Only an exact repetition of the lines from the one holding "Refit door Nicolaas Witsen" to the end of the data is wanted, with pictures left out.

━━━━━ Data supplied

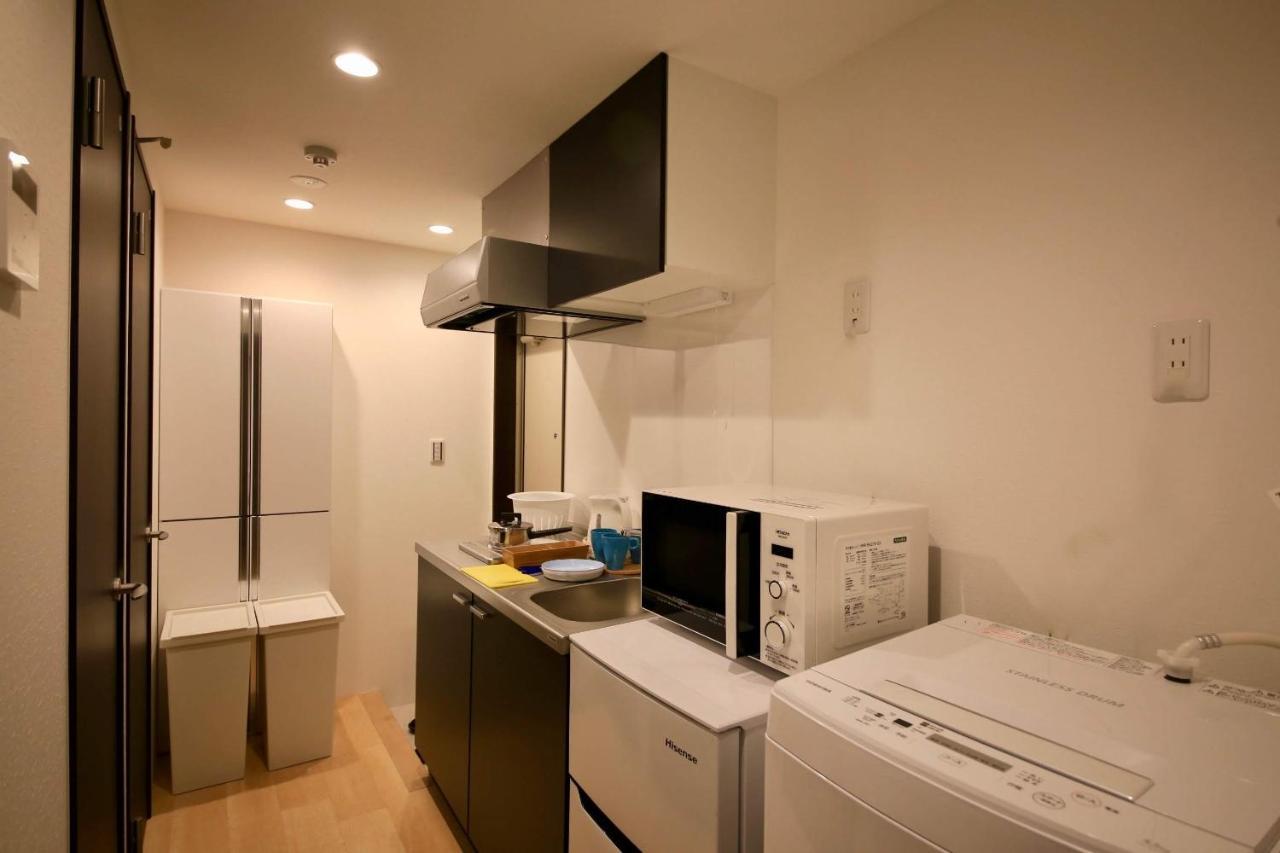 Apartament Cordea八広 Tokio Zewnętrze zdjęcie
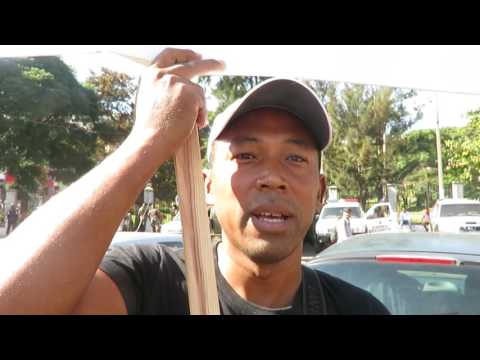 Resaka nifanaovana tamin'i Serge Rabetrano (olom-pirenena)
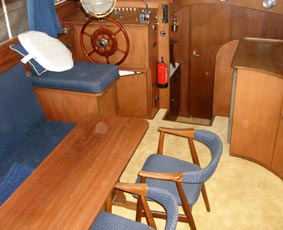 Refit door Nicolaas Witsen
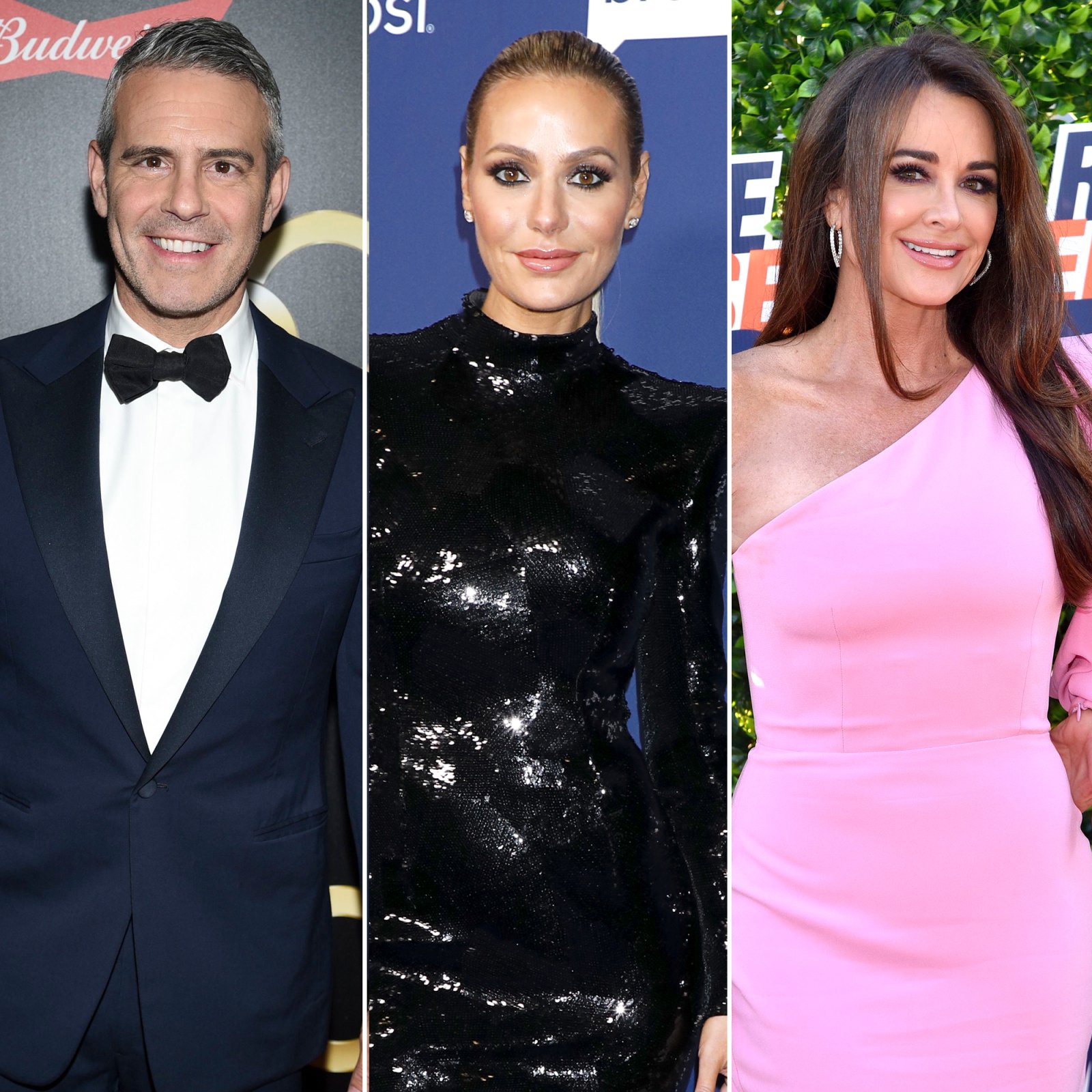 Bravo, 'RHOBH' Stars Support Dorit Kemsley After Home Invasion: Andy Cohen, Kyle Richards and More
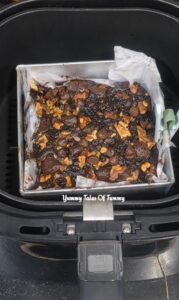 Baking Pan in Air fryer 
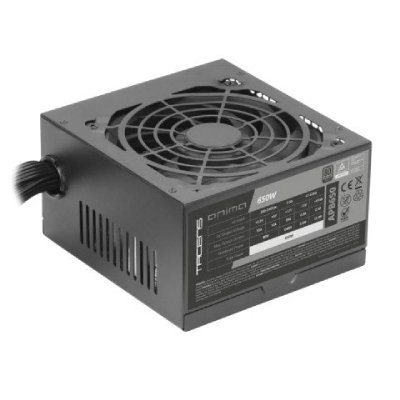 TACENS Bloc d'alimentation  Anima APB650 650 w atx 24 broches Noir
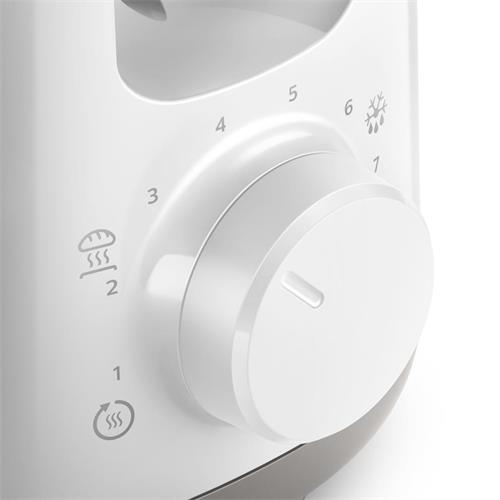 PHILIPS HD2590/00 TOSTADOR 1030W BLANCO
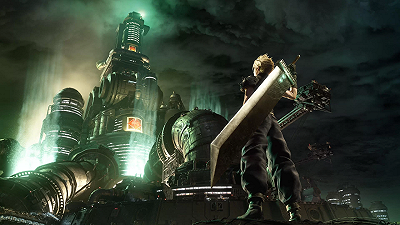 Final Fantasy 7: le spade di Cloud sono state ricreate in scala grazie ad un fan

━━━━━━━━━━

* Answer space:
 Refit door Nicolaas Witsen
 Bravo, 'RHOBH' Stars Support Dorit Kemsley After Home Invasion: Andy Cohen, Kyle Richards and More
 Baking Pan in Air fryer 
 TACENS Bloc d'alimentation  Anima APB650 650 w atx 24 broches Noir
 PHILIPS HD2590/00 TOSTADOR 1030W BLANCO
 Final Fantasy 7: le spade di Cloud sono state ricreate in scala grazie ad un fan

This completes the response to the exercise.